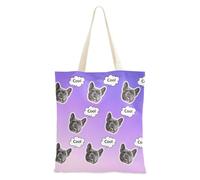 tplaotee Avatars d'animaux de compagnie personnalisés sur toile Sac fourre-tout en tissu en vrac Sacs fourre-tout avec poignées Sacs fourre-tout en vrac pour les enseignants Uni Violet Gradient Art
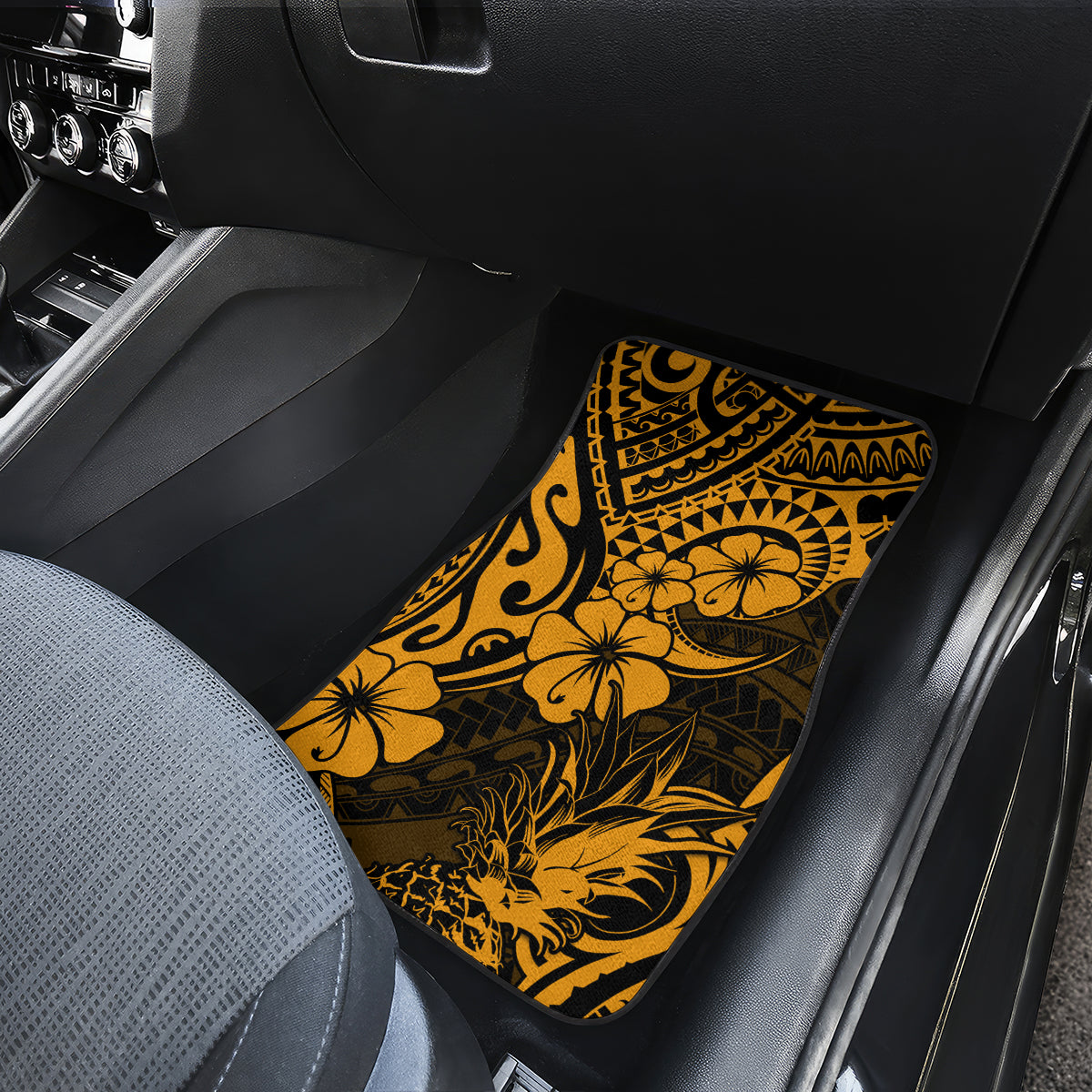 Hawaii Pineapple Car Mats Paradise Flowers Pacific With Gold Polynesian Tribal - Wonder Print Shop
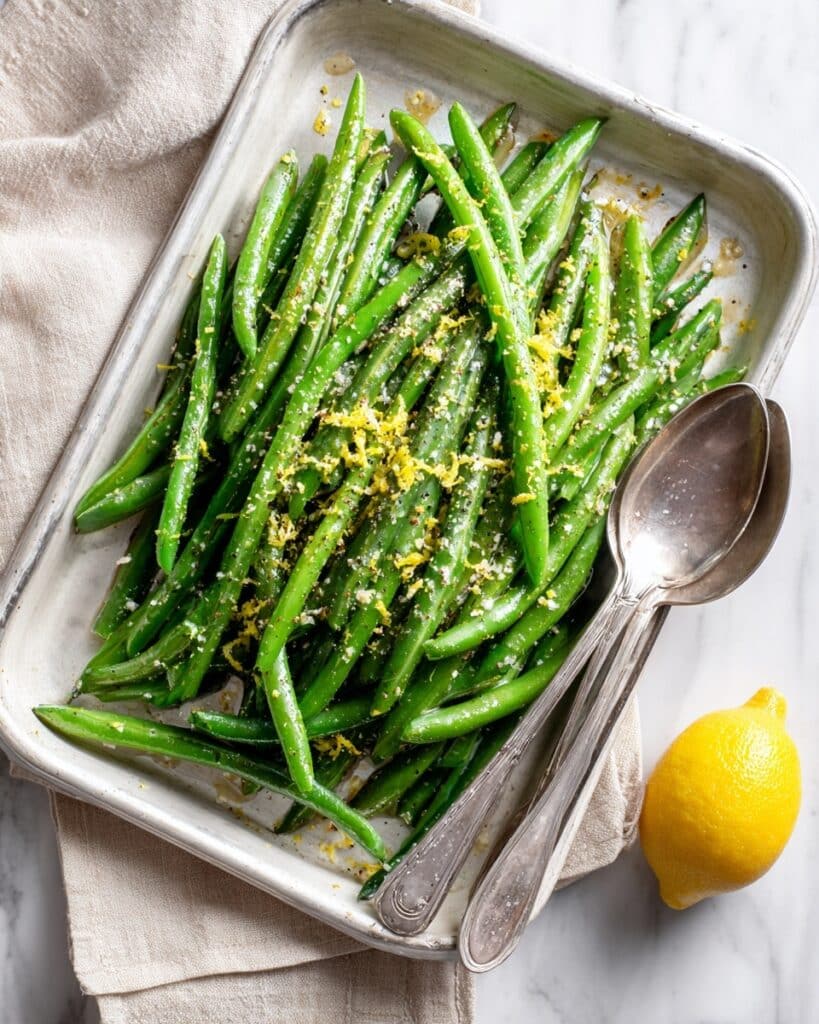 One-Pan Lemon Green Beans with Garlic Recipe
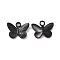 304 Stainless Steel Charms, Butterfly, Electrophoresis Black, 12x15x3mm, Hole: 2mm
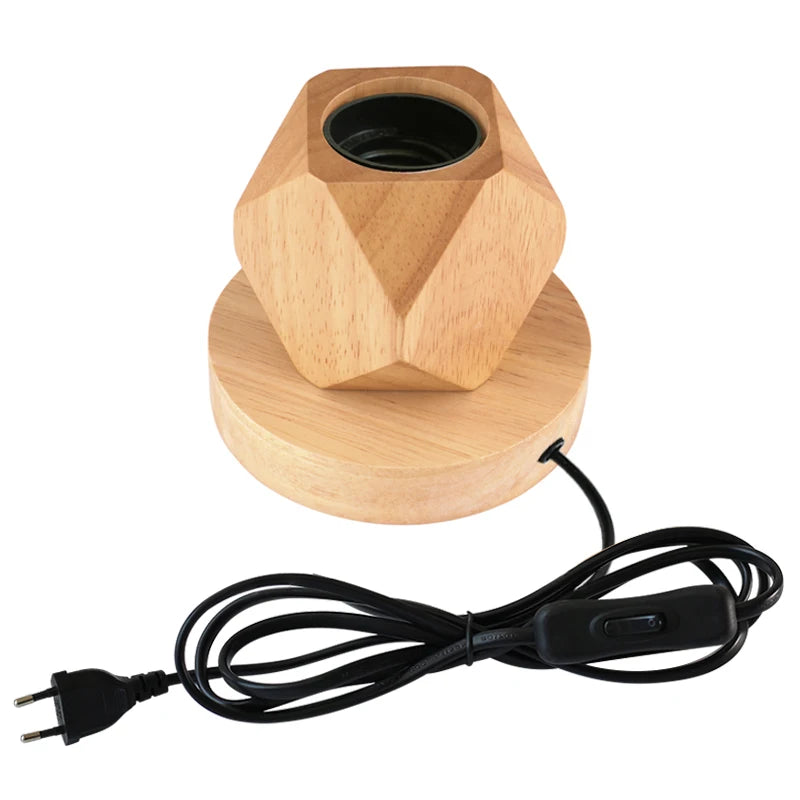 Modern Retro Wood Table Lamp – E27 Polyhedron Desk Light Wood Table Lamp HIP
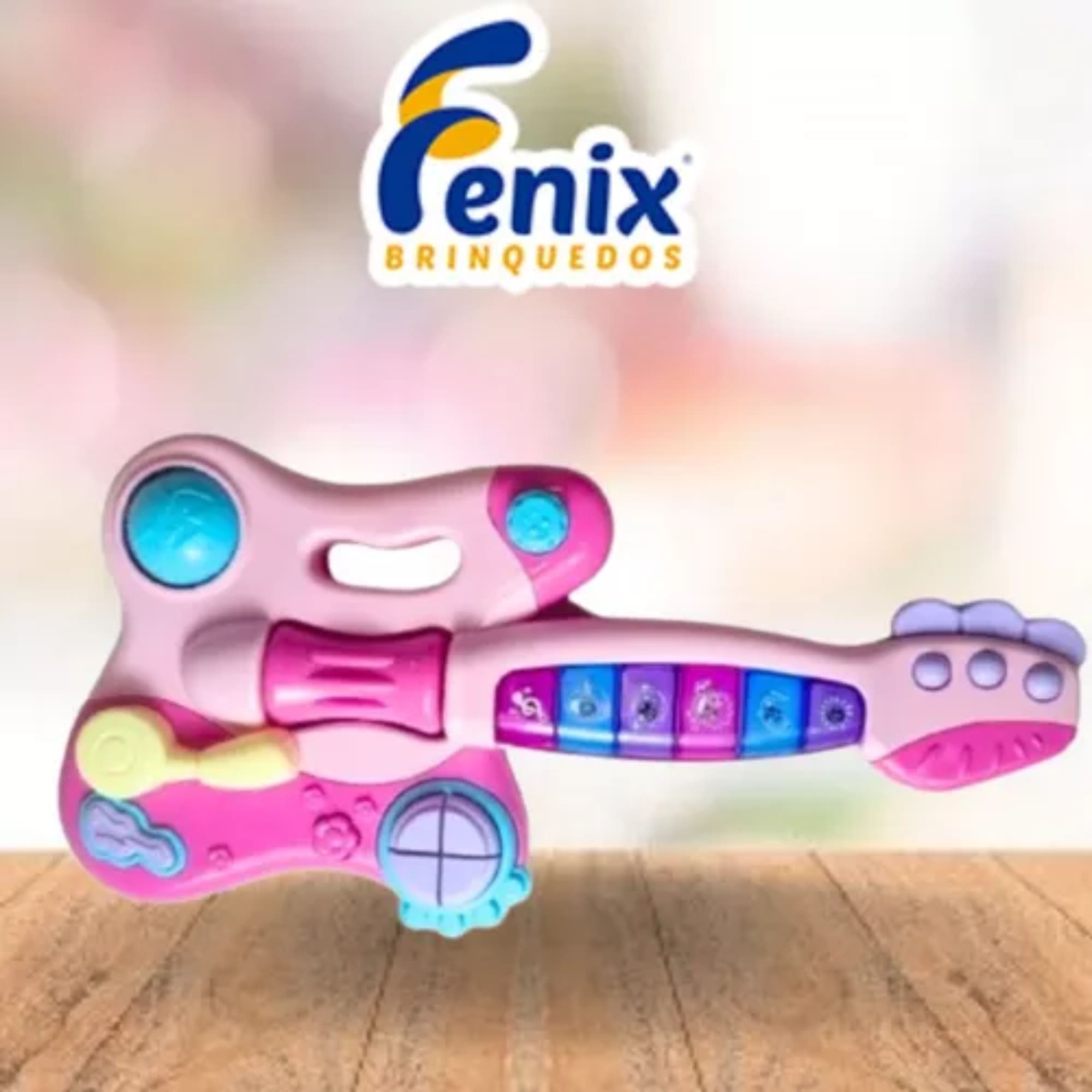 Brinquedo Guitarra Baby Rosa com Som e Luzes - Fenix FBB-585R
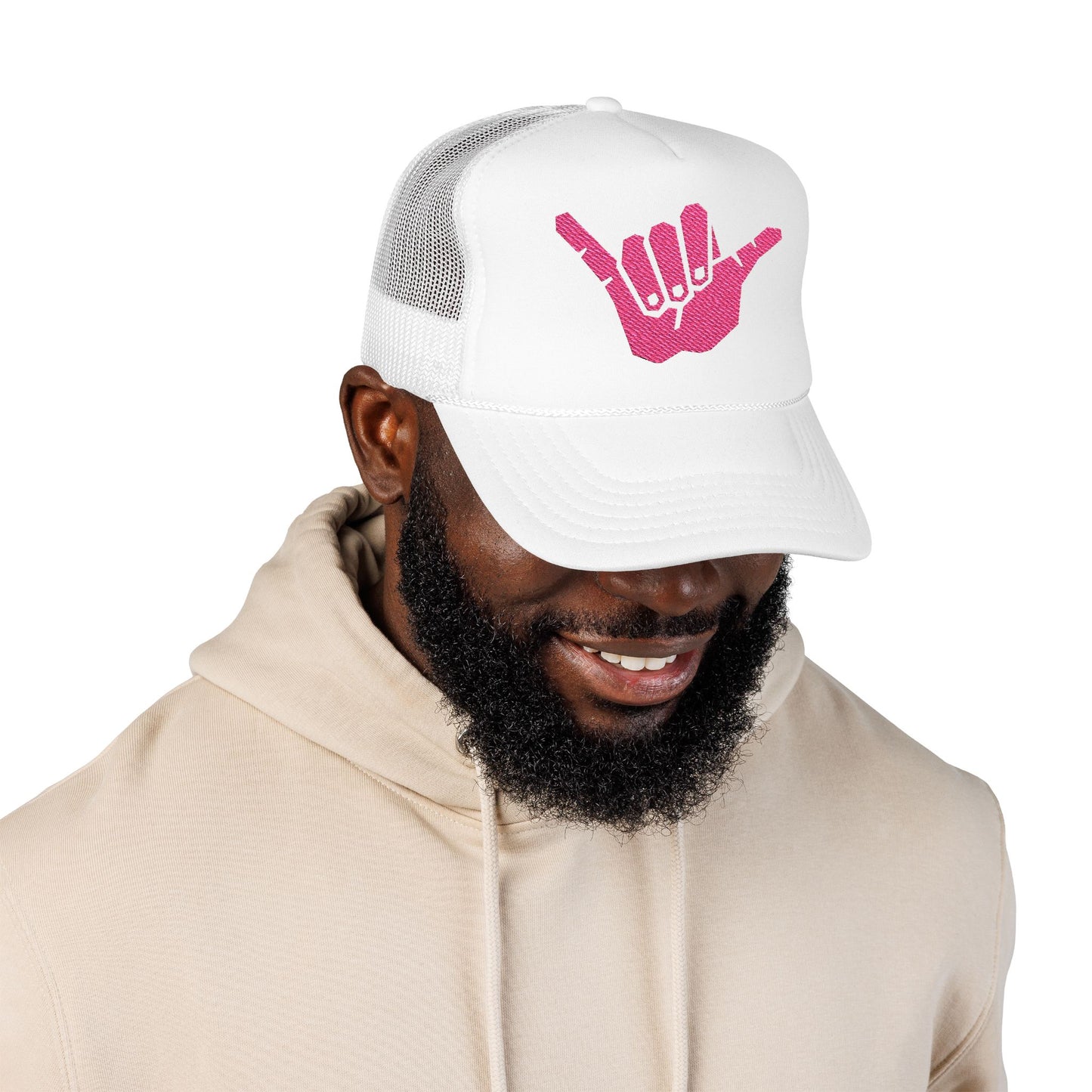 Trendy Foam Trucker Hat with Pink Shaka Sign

================

Above are some records. Reproduce the lines from the one with "Hawaii Pineapple Car" down to the one with "304 Stainless Steel", keeping both, and leave every picture out.

 Hawaii Pineapple Car Mats Paradise Flowers Pacific With Gold Polynesian Tribal - Wonder Print Shop
 One-Pan Lemon Green Beans with Garlic Recipe
 304 Stainless Steel Charms, Butterfly, Electrophoresis Black, 12x15x3mm, Hole: 2mm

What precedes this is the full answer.